#### CSCI 3104 - Algorithms - Fall 2009

### Problem Set #1

#### Due: Fri, Jan 22nd

1. In each of the following situations, indicate whether f = O(g), or
f = Omega(g), or both (in which case f = Theta(g)).

(a) f(n) = n^{1.01}, g(n) = n (lg n)^{2}

(b) f(n) = lg n, g(n) = ln n

(c) f(n) = n^{n}, g(n) = n!
2. The text spends a lot of time talking about fib(200). Compute this
number exactly. (Hint: python has arbitrary-precision arithmetic... you
can learn enough python in about 15 mins to solve this problem.)

3. Look up the "golden ratio" online. Call this number φ. Using your
favorite multi-precision calculator (python works again),
compute φ^{200}/sqrt(5) rounded to the nearest integer.
Compare the efficiency of this method to the method of problem 2.

4. As we said in class, if lim _{n → ∞} f(n)/g(n) is
constant, then f(n) = O(g(n)). Show that the converse is false. In
other words, give some f(n) and g(n) where f(n) = O(g(n)) but the limit
of f(n)/g(n) isn't constant. (Hint: choose an f(n) where the limit doesn't
exist. Remember to use functions from Z^{+} to R^{+} only.)

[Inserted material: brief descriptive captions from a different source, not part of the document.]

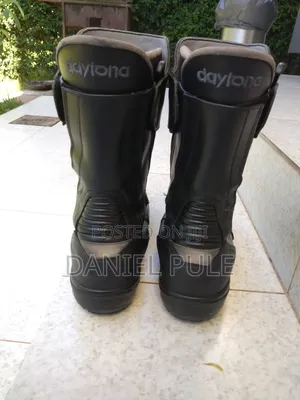 Daytona Touring Star GTX Riding Boots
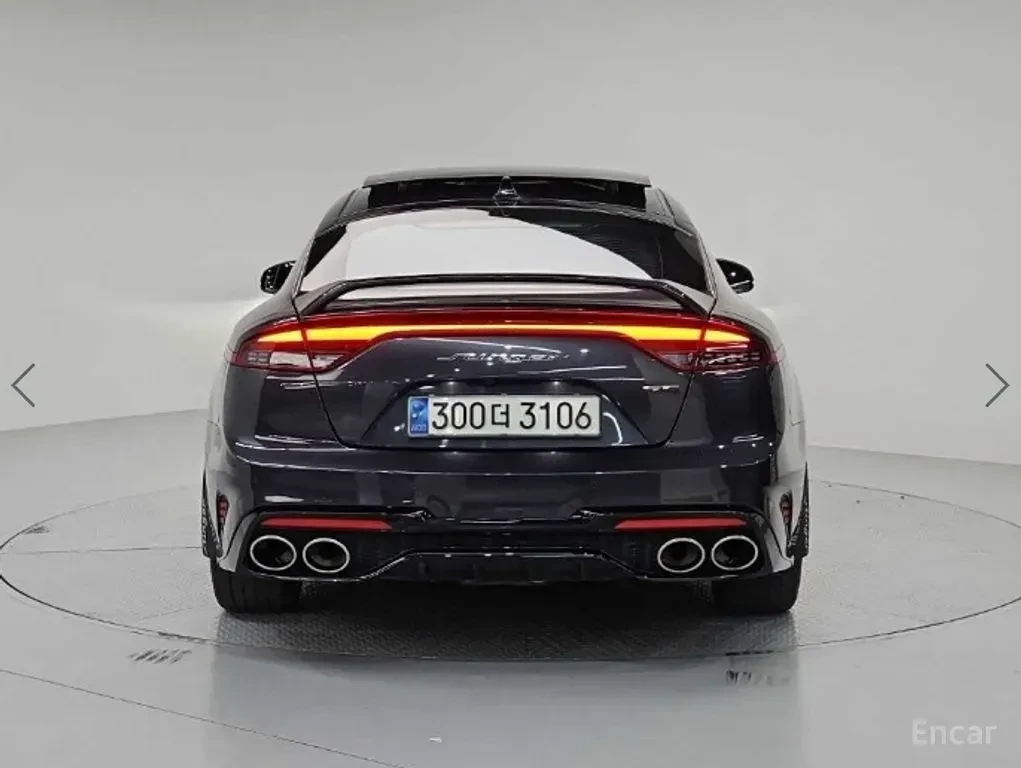 Kia Stinger 3.3* TURBO* GT* ���������* ���������* �����* 360�� | Mobile.bg � ����������� 4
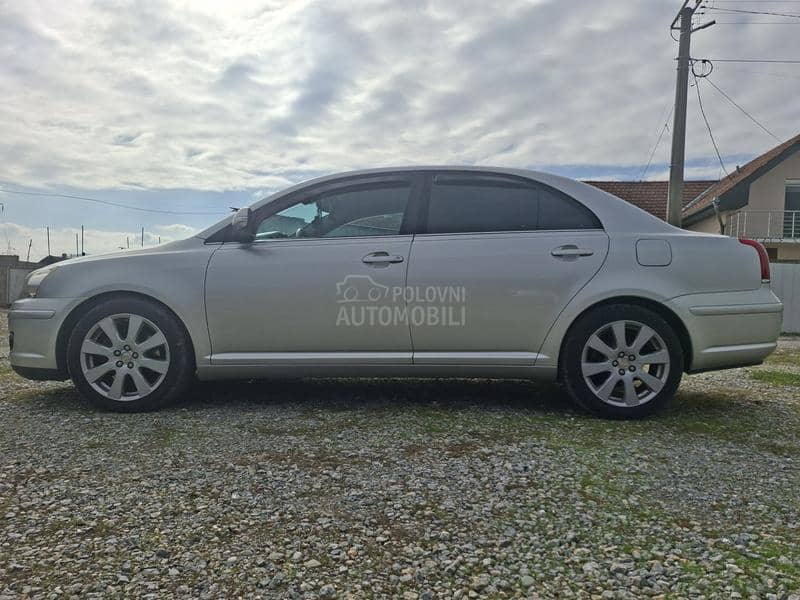 Toyota Avensis d4d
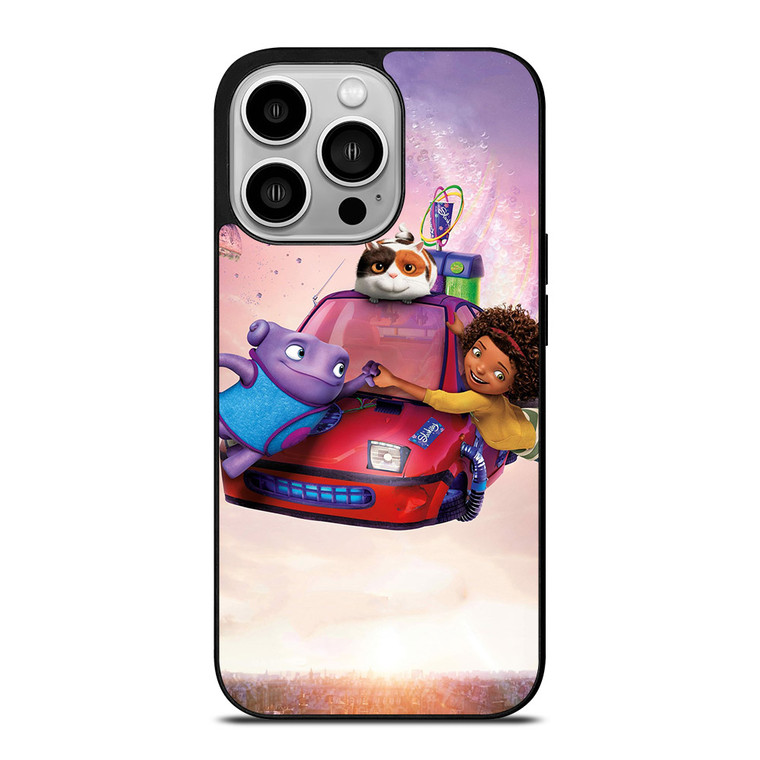 OH HOME FLYING iPhone 14 Pro Case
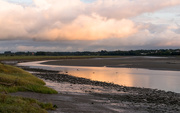 9th Sep 2019 - Sunset on the River Wyre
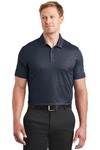 Dri FIT Embossed Tri Blade Polo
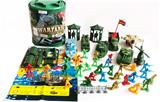 OBL10035402 - Militarytoys&Policeset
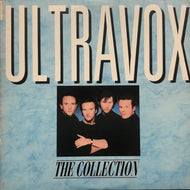 ULTRAVOX / The Collection (Chrysalis, FV 41490, LP)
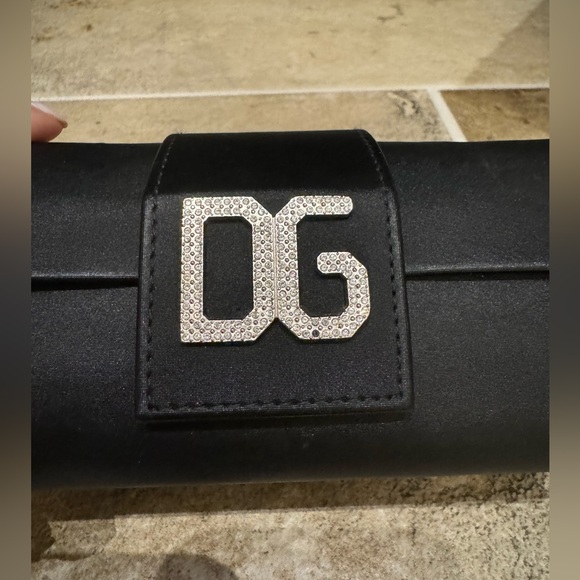 Dolce & Gabbana Black Sunglasses - Picture 5 of 15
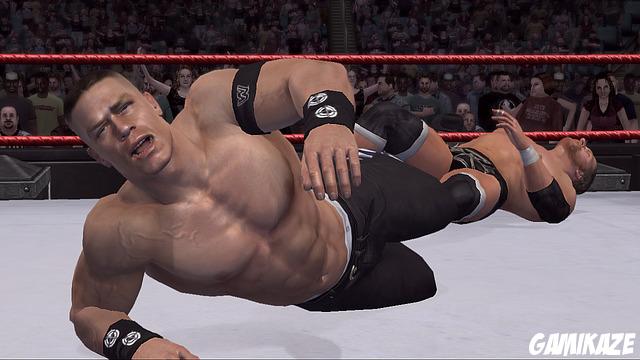 WWE Smackdown vs Raw 2008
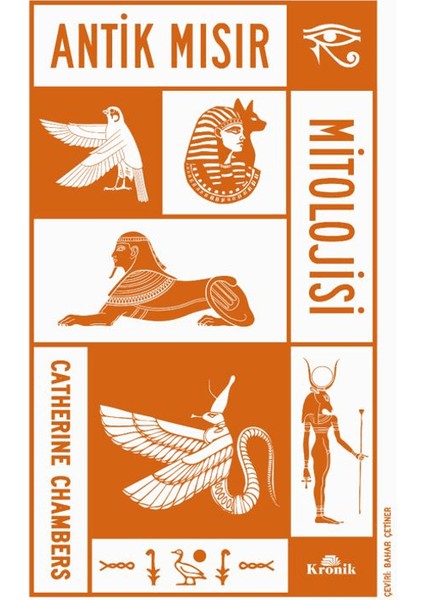 Antik Mısır Mitolojisi - Catherine Chambers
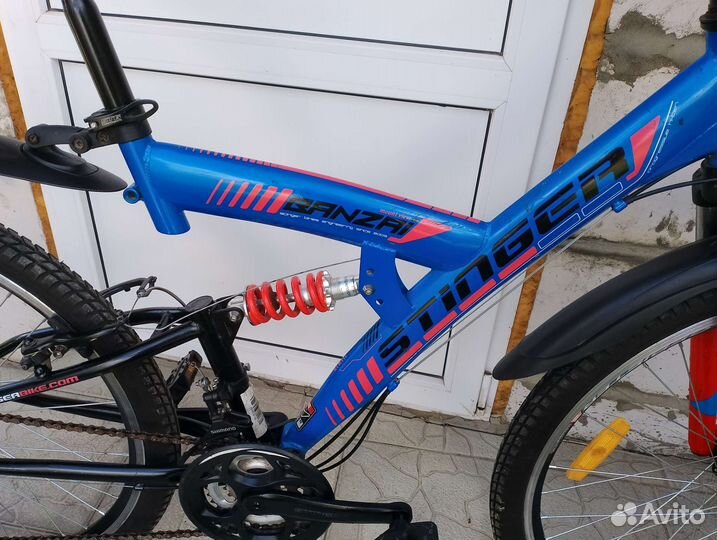 Велосипед Стингер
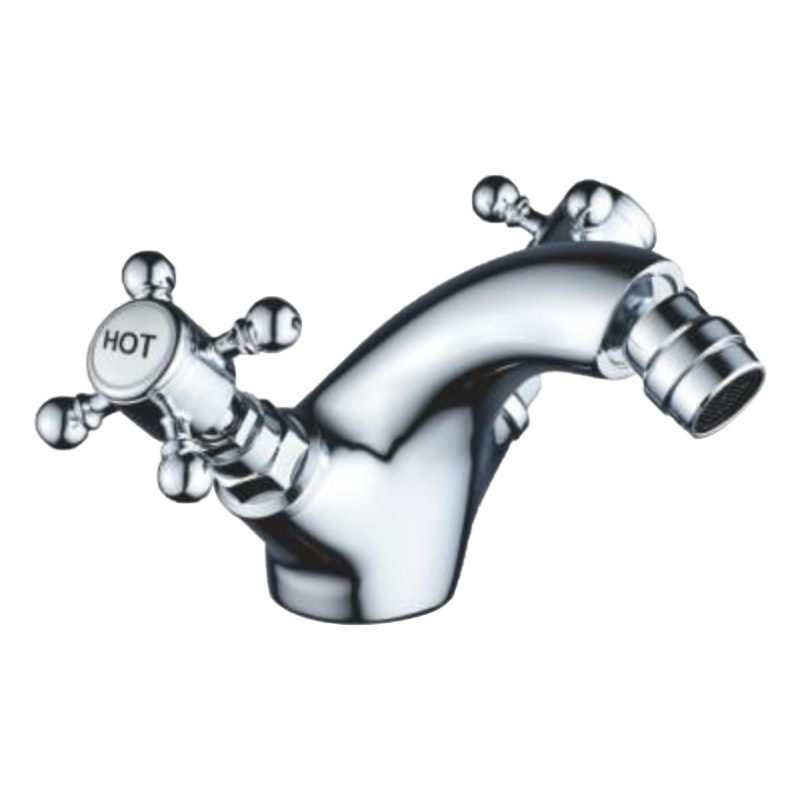 T6003 Bidet Mono Mixer Tapered Water Faucet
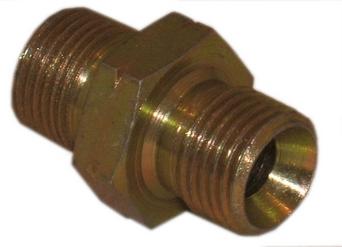 Adapter BSP Hane 3/8" x Metrisk Hane 18mm Konad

5. I mentioned in class that n^{.01} grows faster than lg n and that
the proof takes the limit, requiring l'Hopital's rule. Let's use a simpler
approach: set n=2^{100k} and simplify. What's the smallest integer
k such that n^{.01} is larger than lg n? How do we know that
n^{.01} will remain larger forever after?